| WHAT IS REQUIRED |
Retype each record below word for word. Leave the pictures out.

Pictures with short captions:
%%
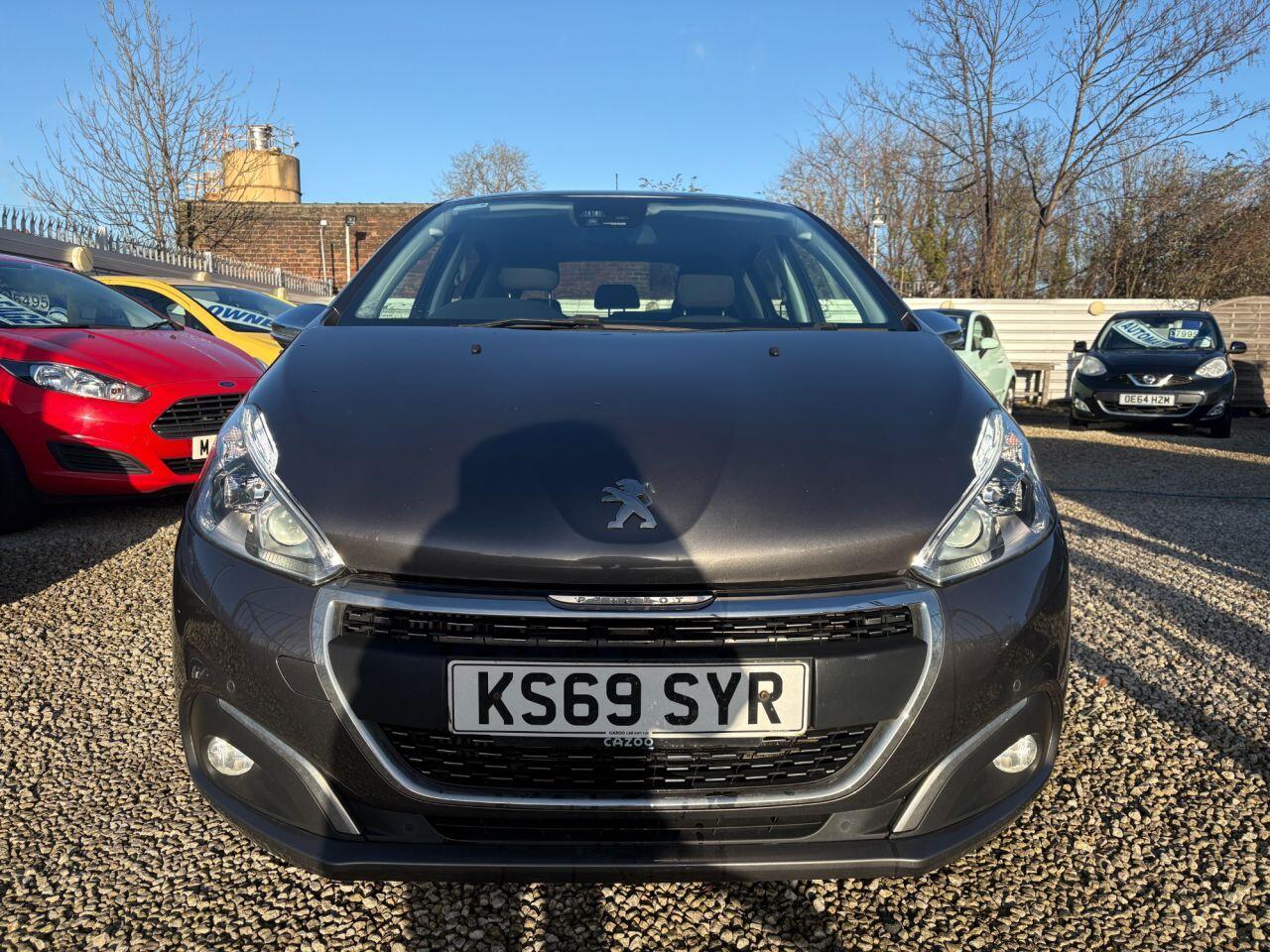 Peugeot 208 - Image 2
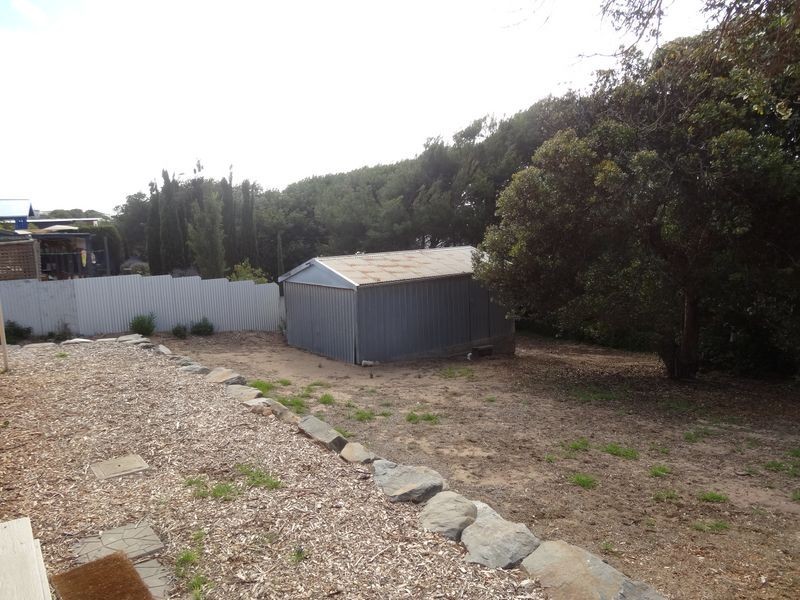 4 Barton Street, Port Elliot SA 5212
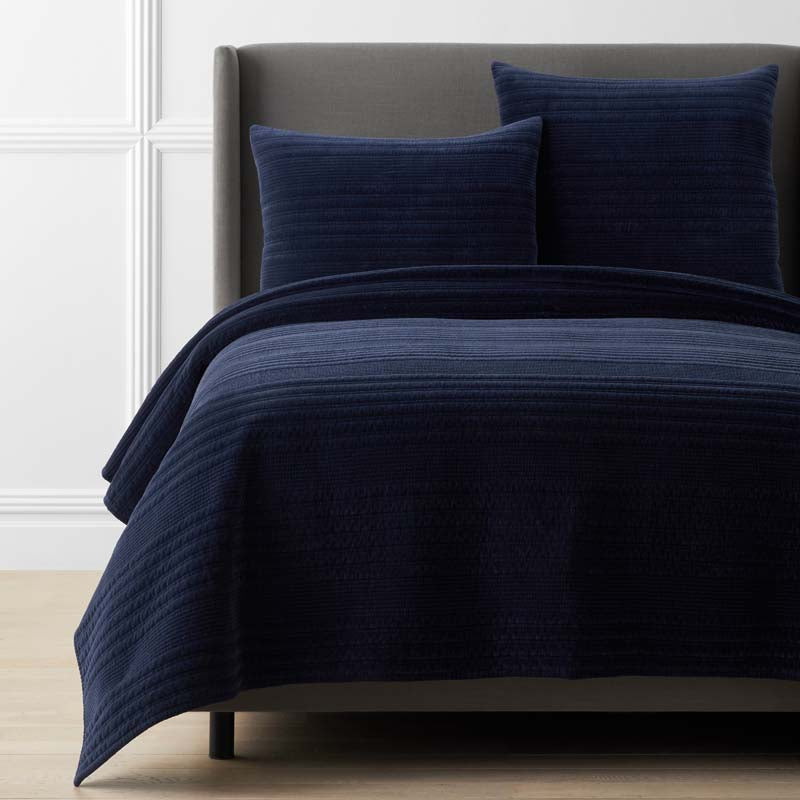 Line Stitch Velvet Quilt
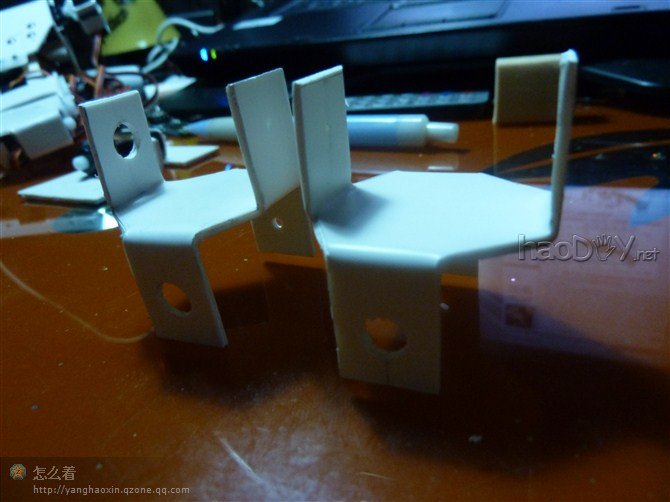 自制双足机器人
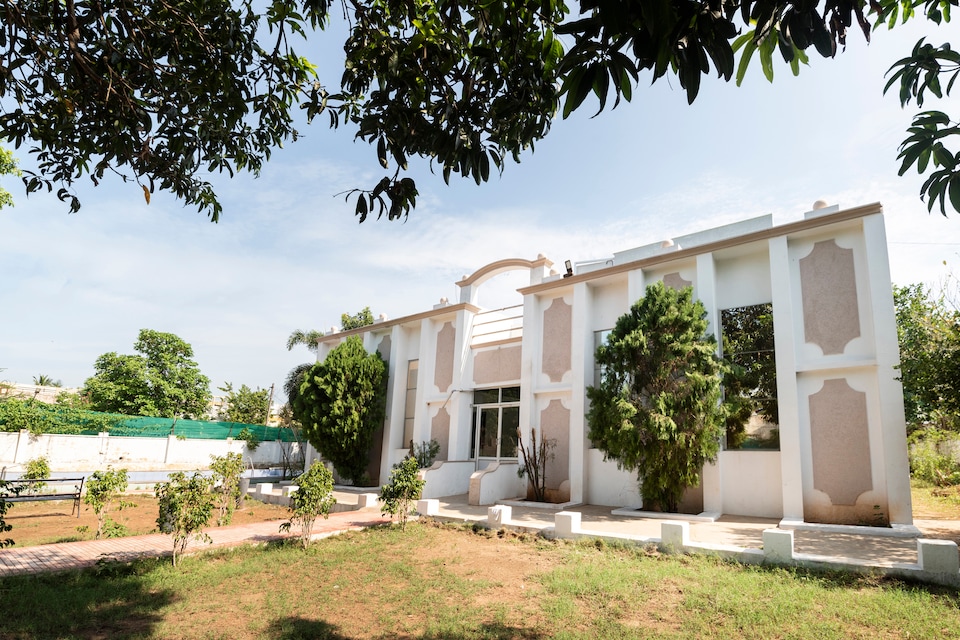 OYO 44312 Sai Priya Resorts, Ramaraopet Kakinada, Kakinada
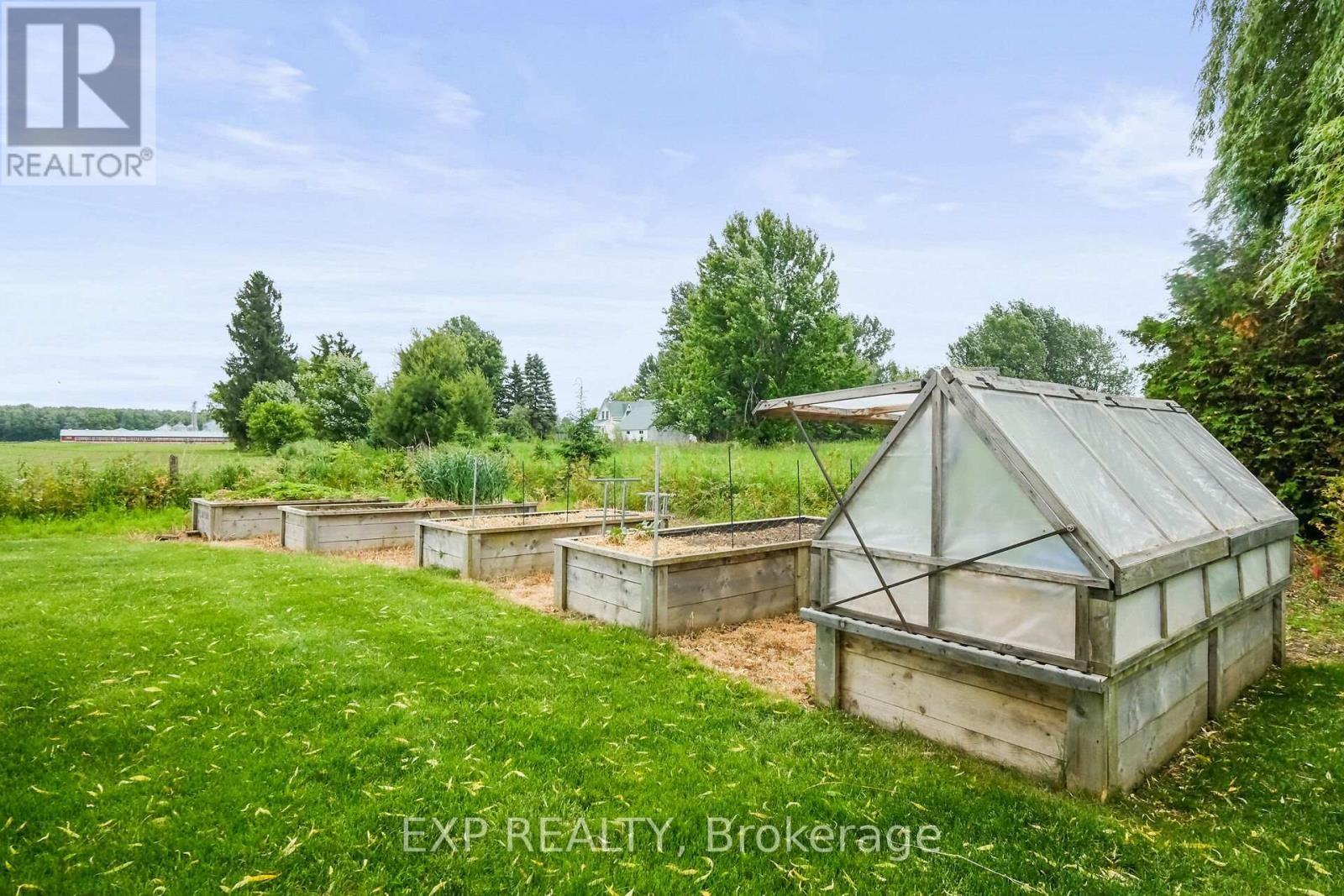 












183 HAMILTON ROAD

,
Russell,




Ontario
K4R0J1

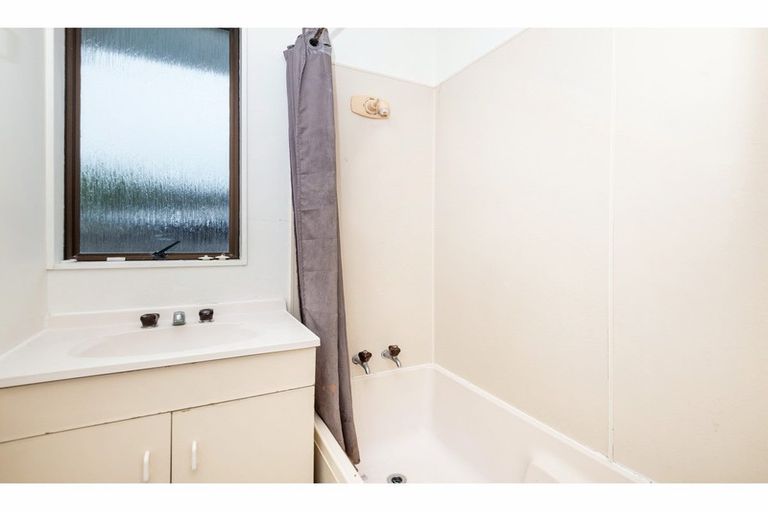 Photo of property in 1/1 Meadowvale Avenue, Forrest Hill, Auckland, 0620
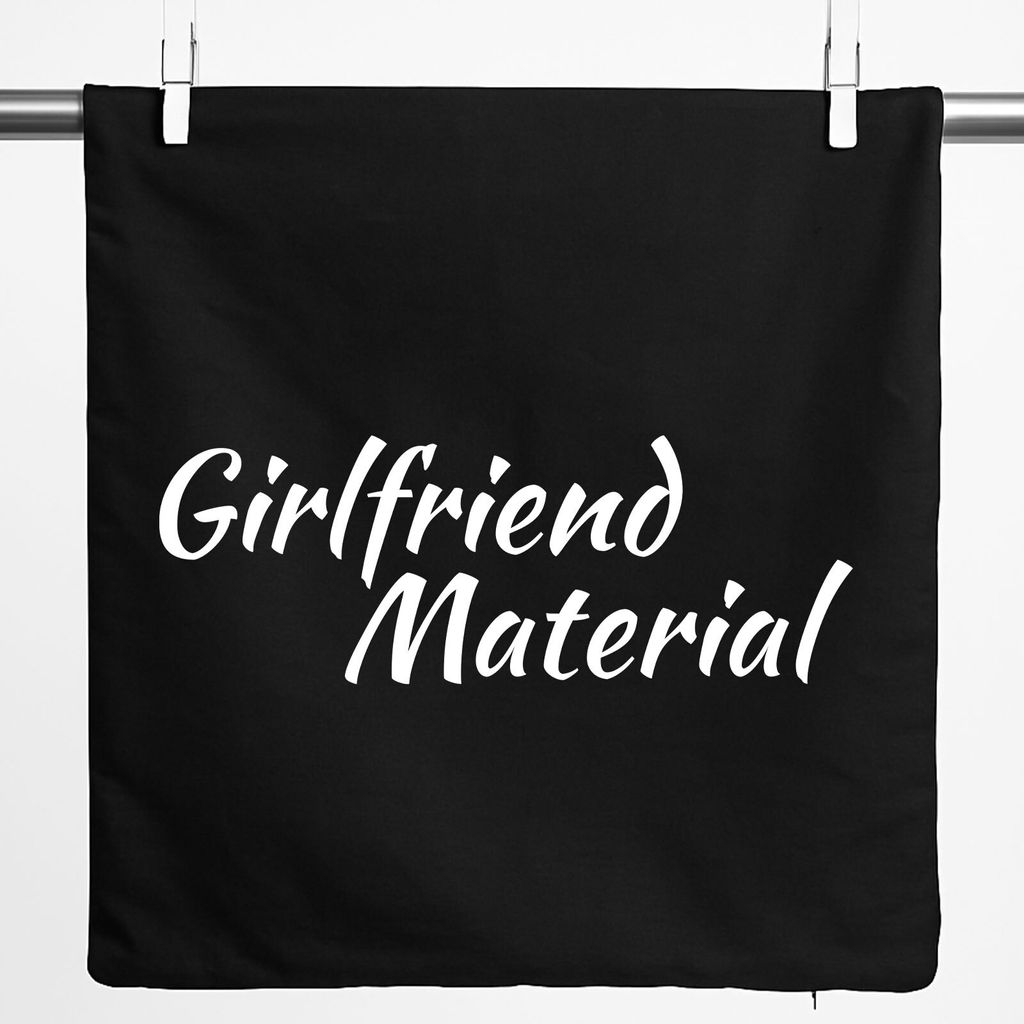 Huuraa Kissenbezug Girlfriend Material Schriftzug 40x40cm Black Baumwolle Dekokissenbezug Geschenkidee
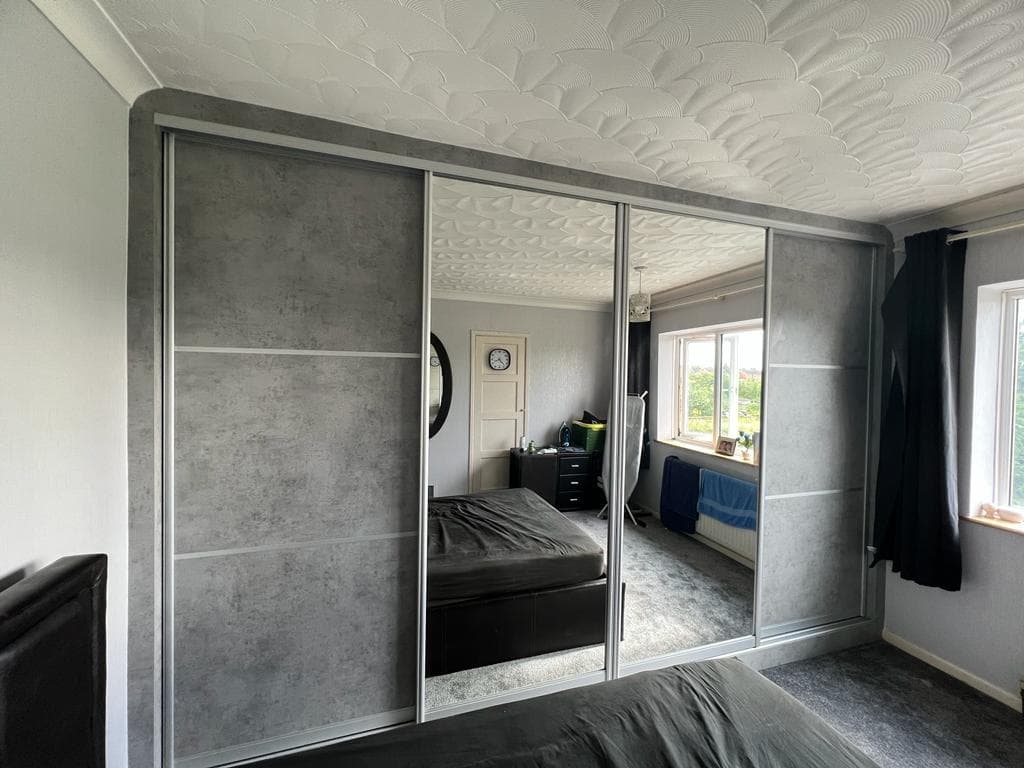 Made to measure sliding door wardrobe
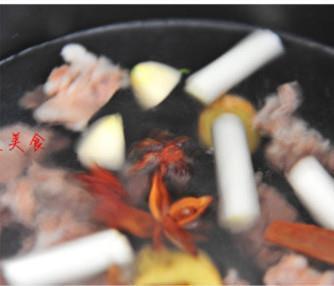 花蛤炖羊肉的做法步骤3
%%
| TASK ANSWER |
 Peugeot 208 - Image 2
 4 Barton Street, Port Elliot SA 5212
 Line Stitch Velvet Quilt
 自制双足机器人
 OYO 44312 Sai Priya Resorts, Ramaraopet Kakinada, Kakinada












183 HAMILTON ROAD

,
Russell,




Ontario
K4R0J1

 Photo of property in 1/1 Meadowvale Avenue, Forrest Hill, Auckland, 0620
 Huuraa Kissenbezug Girlfriend Material Schriftzug 40x40cm Black Baumwolle Dekokissenbezug Geschenkidee
 Made to measure sliding door wardrobe
 花蛤炖羊肉的做法步骤3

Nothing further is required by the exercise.